Let’s see, I do spend a good amount of time in the driver‘s seat of an ambulance...actually half of the time it’s moving to be exact, so it’s not exactly an inaccurate representation of how I spend my time. So if I can’t complain that the title misrepresents the amount of the time I spend doing it, then that leaves me to compare the importance of the job of an “ambulance driver” against that of a “paramedic.”

So what exactly does it mean to be an “ambulance driver?”

For starters, I operate a vehicle that is much larger and heavier than most people will ever drive in their lifetime. I have more blind spots on my vehicle than just about anything else on the road. I have a stopping distance that is only rivaled by fully loaded trains and tanker trucks. I can’t fit my vehicle into any standard parking spot or driveway and missing a turn usually involves going between “reverse” and “drive” three to six times before I can point myself back in the right direction.

And that’s just pertaining to the size and weight of the vehicle ...

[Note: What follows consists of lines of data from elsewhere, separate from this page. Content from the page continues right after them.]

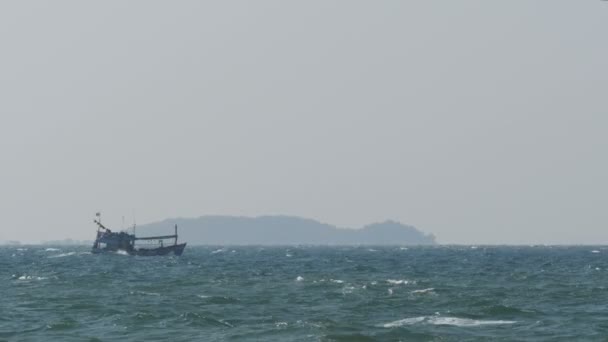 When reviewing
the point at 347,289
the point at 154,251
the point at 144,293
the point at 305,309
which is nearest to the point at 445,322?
the point at 305,309

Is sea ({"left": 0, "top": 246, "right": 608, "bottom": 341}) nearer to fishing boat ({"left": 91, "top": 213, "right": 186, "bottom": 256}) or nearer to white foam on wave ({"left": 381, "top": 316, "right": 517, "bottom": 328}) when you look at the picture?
white foam on wave ({"left": 381, "top": 316, "right": 517, "bottom": 328})

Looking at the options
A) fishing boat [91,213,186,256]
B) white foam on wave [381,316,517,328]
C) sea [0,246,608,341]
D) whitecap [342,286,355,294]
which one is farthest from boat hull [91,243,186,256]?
white foam on wave [381,316,517,328]

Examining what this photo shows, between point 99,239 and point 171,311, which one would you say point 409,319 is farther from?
point 99,239

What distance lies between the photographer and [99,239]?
163750 mm

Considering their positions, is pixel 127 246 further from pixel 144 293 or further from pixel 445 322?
Answer: pixel 445 322

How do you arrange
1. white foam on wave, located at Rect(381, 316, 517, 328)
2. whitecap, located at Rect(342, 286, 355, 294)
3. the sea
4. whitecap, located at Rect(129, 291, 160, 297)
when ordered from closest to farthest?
the sea → white foam on wave, located at Rect(381, 316, 517, 328) → whitecap, located at Rect(129, 291, 160, 297) → whitecap, located at Rect(342, 286, 355, 294)

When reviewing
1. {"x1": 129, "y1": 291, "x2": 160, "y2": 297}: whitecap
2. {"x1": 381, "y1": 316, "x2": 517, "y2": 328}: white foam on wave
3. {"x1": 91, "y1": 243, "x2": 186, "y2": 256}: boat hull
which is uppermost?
{"x1": 91, "y1": 243, "x2": 186, "y2": 256}: boat hull

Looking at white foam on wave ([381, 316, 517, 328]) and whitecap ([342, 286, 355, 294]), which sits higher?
whitecap ([342, 286, 355, 294])

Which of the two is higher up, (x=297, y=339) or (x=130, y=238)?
(x=130, y=238)

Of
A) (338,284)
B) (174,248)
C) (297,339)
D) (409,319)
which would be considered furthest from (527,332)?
(174,248)

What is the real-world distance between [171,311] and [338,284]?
2348 centimetres

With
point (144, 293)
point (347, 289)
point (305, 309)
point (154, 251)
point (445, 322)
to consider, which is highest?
point (154, 251)

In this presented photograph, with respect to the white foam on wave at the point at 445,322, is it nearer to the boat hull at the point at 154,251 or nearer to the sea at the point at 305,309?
the sea at the point at 305,309

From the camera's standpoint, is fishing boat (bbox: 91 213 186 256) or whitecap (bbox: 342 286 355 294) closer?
whitecap (bbox: 342 286 355 294) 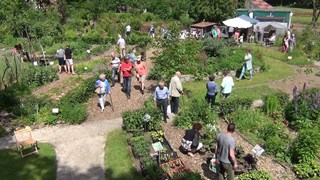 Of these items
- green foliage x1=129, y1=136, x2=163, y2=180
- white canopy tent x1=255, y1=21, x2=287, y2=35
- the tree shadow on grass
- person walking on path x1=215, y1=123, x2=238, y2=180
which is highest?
white canopy tent x1=255, y1=21, x2=287, y2=35

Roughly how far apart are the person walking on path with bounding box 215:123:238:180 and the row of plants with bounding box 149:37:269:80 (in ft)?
22.1

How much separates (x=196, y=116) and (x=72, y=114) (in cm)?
477

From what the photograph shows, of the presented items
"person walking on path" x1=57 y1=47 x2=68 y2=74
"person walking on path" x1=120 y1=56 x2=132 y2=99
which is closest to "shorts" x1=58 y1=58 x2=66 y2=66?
"person walking on path" x1=57 y1=47 x2=68 y2=74

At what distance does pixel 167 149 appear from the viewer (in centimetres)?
1052

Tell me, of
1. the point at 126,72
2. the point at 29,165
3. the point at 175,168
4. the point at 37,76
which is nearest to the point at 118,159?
the point at 175,168

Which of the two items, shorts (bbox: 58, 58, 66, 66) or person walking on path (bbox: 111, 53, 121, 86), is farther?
shorts (bbox: 58, 58, 66, 66)

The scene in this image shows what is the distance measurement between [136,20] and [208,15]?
7.64 metres

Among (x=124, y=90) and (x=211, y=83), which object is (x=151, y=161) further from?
(x=124, y=90)

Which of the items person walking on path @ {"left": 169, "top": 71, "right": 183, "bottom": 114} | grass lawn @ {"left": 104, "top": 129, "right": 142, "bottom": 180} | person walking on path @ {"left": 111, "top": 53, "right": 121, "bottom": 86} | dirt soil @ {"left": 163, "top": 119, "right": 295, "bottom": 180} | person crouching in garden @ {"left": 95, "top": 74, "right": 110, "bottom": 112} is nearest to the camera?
grass lawn @ {"left": 104, "top": 129, "right": 142, "bottom": 180}

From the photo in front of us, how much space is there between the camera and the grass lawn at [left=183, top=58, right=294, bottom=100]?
53.6ft

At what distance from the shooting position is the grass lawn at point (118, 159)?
31.4ft

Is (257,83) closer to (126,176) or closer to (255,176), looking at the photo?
(255,176)

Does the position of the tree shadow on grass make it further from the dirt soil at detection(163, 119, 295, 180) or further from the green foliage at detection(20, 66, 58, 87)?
the green foliage at detection(20, 66, 58, 87)

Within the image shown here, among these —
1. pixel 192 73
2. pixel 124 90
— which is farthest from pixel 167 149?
pixel 192 73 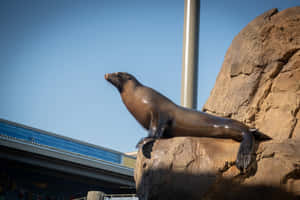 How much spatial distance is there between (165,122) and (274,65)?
2052 mm

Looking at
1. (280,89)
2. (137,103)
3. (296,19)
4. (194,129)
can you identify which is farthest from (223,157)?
(296,19)

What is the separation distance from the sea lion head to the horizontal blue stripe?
5.29 m

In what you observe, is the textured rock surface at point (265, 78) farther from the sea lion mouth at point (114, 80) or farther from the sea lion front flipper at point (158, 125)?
the sea lion mouth at point (114, 80)

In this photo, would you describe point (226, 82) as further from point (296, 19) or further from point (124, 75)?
point (124, 75)

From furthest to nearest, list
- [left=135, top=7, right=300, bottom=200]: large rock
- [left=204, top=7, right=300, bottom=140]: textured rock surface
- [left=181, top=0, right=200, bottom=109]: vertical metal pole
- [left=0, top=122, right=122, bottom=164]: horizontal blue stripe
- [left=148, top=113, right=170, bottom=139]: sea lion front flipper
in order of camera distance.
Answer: [left=0, top=122, right=122, bottom=164]: horizontal blue stripe
[left=181, top=0, right=200, bottom=109]: vertical metal pole
[left=204, top=7, right=300, bottom=140]: textured rock surface
[left=148, top=113, right=170, bottom=139]: sea lion front flipper
[left=135, top=7, right=300, bottom=200]: large rock

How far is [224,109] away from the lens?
5.14m

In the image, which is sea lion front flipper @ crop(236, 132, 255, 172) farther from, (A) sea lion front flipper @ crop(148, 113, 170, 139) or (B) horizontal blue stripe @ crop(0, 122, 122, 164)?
(B) horizontal blue stripe @ crop(0, 122, 122, 164)

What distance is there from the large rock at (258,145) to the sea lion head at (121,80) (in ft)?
3.10

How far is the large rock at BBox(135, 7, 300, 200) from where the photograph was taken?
147 inches

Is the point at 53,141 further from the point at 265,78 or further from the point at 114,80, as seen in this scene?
the point at 265,78

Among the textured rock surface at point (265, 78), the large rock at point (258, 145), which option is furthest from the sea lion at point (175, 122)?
the textured rock surface at point (265, 78)

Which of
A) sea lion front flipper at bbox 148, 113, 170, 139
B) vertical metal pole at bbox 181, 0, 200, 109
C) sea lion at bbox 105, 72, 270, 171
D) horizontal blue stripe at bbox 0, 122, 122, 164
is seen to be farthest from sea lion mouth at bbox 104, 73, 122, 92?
horizontal blue stripe at bbox 0, 122, 122, 164

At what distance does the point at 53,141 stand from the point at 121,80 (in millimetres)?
6010

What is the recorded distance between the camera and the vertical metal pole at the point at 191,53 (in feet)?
26.8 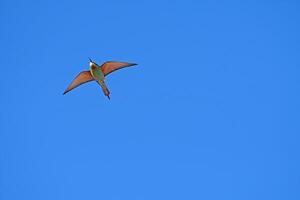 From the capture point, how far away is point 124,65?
22.0 meters

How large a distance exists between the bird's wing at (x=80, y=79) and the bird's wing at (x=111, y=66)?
2.24 ft

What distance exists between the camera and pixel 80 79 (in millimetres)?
22578

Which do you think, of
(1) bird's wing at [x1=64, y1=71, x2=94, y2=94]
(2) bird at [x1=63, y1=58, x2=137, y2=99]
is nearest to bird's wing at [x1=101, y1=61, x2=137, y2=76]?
(2) bird at [x1=63, y1=58, x2=137, y2=99]

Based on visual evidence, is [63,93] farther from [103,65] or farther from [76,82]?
[103,65]

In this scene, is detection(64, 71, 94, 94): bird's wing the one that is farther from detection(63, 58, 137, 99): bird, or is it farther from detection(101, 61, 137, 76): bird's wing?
detection(101, 61, 137, 76): bird's wing

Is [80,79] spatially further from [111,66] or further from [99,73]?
[111,66]

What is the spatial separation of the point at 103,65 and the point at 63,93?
2136 mm

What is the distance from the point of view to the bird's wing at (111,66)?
21822 millimetres

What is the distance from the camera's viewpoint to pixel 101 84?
22.2 metres

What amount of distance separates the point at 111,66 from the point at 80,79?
155 centimetres

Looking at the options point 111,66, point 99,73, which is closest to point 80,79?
point 99,73

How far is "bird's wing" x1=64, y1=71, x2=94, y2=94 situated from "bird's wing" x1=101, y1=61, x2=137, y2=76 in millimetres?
682

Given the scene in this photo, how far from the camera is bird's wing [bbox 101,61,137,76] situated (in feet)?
71.6

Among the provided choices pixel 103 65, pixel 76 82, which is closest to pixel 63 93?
pixel 76 82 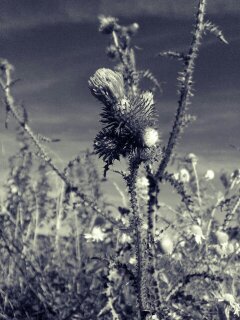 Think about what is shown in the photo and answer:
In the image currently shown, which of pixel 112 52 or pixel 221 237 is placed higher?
pixel 112 52

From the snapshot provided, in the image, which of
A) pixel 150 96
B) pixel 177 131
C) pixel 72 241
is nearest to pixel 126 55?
pixel 150 96

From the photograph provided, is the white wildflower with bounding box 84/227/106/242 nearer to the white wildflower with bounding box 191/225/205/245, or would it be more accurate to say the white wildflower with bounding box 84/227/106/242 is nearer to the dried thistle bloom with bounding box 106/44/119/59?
the white wildflower with bounding box 191/225/205/245

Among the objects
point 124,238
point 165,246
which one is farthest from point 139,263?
point 124,238

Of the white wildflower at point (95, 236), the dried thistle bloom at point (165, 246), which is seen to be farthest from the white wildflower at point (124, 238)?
the dried thistle bloom at point (165, 246)

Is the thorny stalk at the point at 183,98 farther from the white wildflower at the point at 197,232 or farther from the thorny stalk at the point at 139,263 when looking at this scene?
the white wildflower at the point at 197,232

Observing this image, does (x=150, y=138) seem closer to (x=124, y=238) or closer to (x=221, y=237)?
(x=221, y=237)

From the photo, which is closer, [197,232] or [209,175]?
[197,232]

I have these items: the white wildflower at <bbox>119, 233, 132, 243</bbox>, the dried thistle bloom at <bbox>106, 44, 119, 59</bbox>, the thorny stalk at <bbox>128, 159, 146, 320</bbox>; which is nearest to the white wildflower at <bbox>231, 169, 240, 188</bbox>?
the white wildflower at <bbox>119, 233, 132, 243</bbox>

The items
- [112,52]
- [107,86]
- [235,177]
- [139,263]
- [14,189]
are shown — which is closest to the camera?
[139,263] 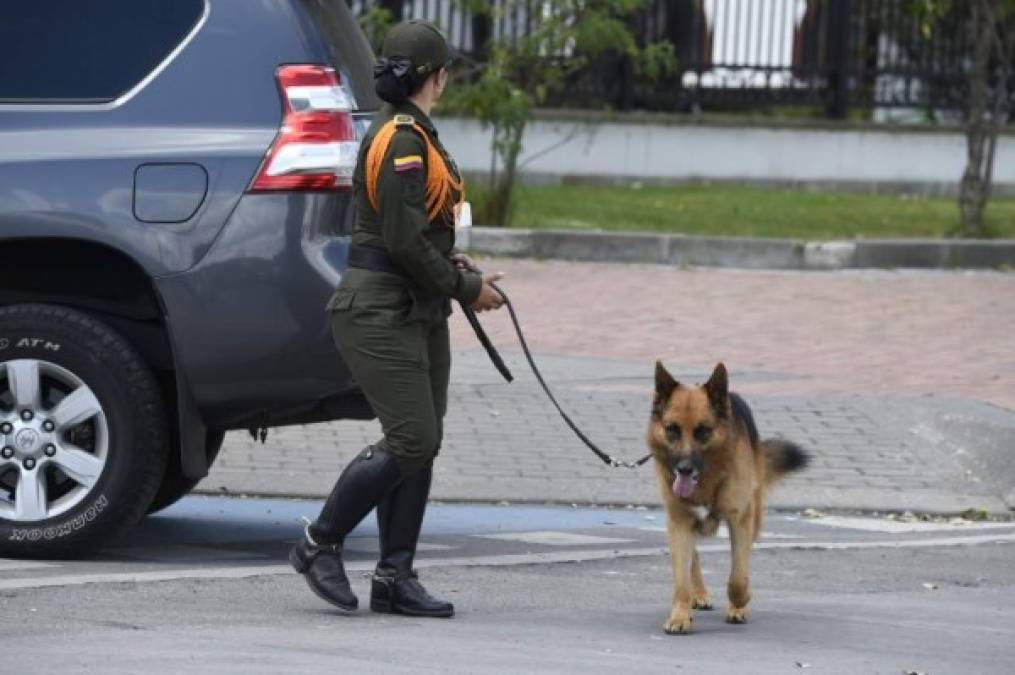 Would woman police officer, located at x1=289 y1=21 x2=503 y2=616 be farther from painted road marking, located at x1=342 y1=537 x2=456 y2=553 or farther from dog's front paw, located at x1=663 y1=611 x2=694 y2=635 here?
painted road marking, located at x1=342 y1=537 x2=456 y2=553

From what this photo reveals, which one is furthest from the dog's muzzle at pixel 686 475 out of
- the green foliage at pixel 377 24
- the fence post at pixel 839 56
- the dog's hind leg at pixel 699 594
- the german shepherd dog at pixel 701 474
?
the fence post at pixel 839 56

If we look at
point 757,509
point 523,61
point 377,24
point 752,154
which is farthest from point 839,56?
point 757,509

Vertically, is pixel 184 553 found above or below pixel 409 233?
below

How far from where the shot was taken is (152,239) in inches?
277

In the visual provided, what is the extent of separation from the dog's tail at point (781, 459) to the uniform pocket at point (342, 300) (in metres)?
1.49

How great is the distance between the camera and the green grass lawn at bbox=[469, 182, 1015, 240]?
1783cm

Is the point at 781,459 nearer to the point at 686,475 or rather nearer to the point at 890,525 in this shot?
the point at 686,475

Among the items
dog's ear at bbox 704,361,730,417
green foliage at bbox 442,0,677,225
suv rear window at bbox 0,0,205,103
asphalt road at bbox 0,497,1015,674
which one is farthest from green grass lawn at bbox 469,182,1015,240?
dog's ear at bbox 704,361,730,417

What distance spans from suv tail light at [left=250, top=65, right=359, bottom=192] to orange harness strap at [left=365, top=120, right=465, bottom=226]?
69 cm

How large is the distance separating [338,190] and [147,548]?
4.74 ft

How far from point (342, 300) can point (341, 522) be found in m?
0.63

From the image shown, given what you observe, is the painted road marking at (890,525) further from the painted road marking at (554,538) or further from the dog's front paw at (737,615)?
the dog's front paw at (737,615)

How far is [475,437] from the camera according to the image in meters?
10.1

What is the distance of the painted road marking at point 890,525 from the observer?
8.71 m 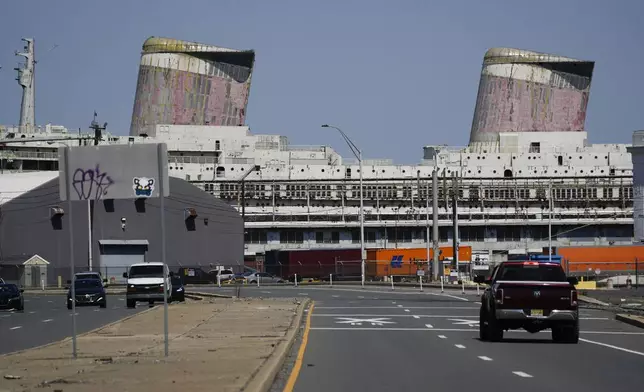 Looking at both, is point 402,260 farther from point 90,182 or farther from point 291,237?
point 90,182

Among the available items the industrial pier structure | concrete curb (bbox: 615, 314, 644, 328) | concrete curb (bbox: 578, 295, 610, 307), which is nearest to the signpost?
concrete curb (bbox: 615, 314, 644, 328)

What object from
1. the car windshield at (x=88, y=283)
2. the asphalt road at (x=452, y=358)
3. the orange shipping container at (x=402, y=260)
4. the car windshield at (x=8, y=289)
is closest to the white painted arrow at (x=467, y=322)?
the asphalt road at (x=452, y=358)

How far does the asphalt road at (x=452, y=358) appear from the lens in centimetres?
1681

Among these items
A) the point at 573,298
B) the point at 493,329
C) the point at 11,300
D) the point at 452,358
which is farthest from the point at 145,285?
the point at 452,358

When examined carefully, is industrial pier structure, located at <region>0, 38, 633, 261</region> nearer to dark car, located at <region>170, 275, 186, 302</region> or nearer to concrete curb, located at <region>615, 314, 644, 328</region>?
→ dark car, located at <region>170, 275, 186, 302</region>

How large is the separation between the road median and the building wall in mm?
57741

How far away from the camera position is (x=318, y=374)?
59.7ft

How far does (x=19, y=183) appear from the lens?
4072 inches

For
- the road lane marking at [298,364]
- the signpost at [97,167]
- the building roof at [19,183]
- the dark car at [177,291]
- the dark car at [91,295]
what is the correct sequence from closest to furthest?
the road lane marking at [298,364] < the signpost at [97,167] < the dark car at [91,295] < the dark car at [177,291] < the building roof at [19,183]

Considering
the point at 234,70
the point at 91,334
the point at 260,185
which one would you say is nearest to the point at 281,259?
the point at 260,185

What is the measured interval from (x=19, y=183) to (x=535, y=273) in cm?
8280

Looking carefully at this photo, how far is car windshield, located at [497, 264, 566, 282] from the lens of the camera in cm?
2675

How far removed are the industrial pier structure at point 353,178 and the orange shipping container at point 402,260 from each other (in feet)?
106

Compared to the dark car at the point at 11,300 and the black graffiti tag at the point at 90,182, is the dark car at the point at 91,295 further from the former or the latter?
the black graffiti tag at the point at 90,182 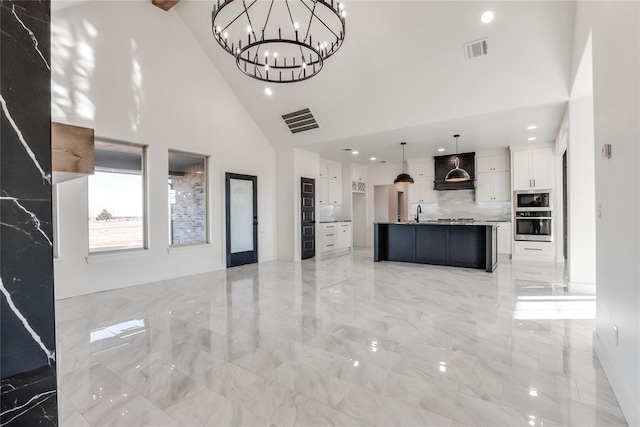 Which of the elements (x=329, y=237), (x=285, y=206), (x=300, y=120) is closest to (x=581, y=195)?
(x=300, y=120)

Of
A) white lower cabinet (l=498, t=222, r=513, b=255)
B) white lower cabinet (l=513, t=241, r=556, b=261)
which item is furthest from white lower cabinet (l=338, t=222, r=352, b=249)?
white lower cabinet (l=513, t=241, r=556, b=261)

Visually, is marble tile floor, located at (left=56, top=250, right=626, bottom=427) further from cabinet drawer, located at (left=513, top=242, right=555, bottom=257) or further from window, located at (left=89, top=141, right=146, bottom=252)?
cabinet drawer, located at (left=513, top=242, right=555, bottom=257)

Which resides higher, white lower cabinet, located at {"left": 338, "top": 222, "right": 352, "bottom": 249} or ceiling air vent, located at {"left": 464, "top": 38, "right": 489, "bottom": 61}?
ceiling air vent, located at {"left": 464, "top": 38, "right": 489, "bottom": 61}

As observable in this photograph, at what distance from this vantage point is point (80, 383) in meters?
2.29

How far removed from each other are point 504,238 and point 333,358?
6886 mm

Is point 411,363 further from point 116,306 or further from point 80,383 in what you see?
point 116,306

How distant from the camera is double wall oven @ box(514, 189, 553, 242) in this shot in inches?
286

I’m faced with not only safely operating a large vehicle, but doing so while monitoring radio traffic, navigating to any address in an 8-minute response-time, and accepting responsibility for all the drivers on the road. I have to know every major intersection in my response area and how to get there from any point on the map. I have to proceed through intersections during a red light with confidence that I’ve cleared every lane and made myself visible to every vehicle. I do all this while navigating some of the most difficult terrain, weather and traffic conditions.

And that’s just before I get to the call …

Once the patient and crew members are loaded in my ambulance, I then have to start the journey to the hospital. Of course, this means knowing how to get to the hospital from every location in my response area. I‘m faced with providing a smooth ride with one of worst-riding vehicles known to man. Regardless of speed bumps, potholes, or rough roads, I must provide a steady enough ride for my partner to be able to start IV‘s, perform assessments, and administer treatments. I‘m charged with the safety of everyone on board. My occupants are often unrestrained and on their feet when critical interventions are being performed. One wrong move would send my partner and every unrestrained care provider through the front windshield. On some occasions, I‘m even driving with lights and sirens to the hospital, only now I don‘t have a second set of eyes to watch for hazards. Now combine all of that with everything I mentioned in regards to the size of the vehicle and what it takes to get to a call.

Yes, paramedics have a very important job. Being able to accurately assess and identify life-threatening conditions and injuries while maintaining competence in the treatment for said problems is a never-ending task. Of course, none of that matters if the guy behind the wheel doesn‘t do his job right. In that case, everyone on board is nothing more than a tally of victims.

So what’s the moral of the story? It doesn’t matter what you call me. I know what my role is and I’m going to give my job 100 percent every call, every time. Instead of claiming that a title degrades what I do, I‘m going to do my very best to lift that title up and give it a better meaning. So yes, I am an ambulance driver, and I’m a damn good one.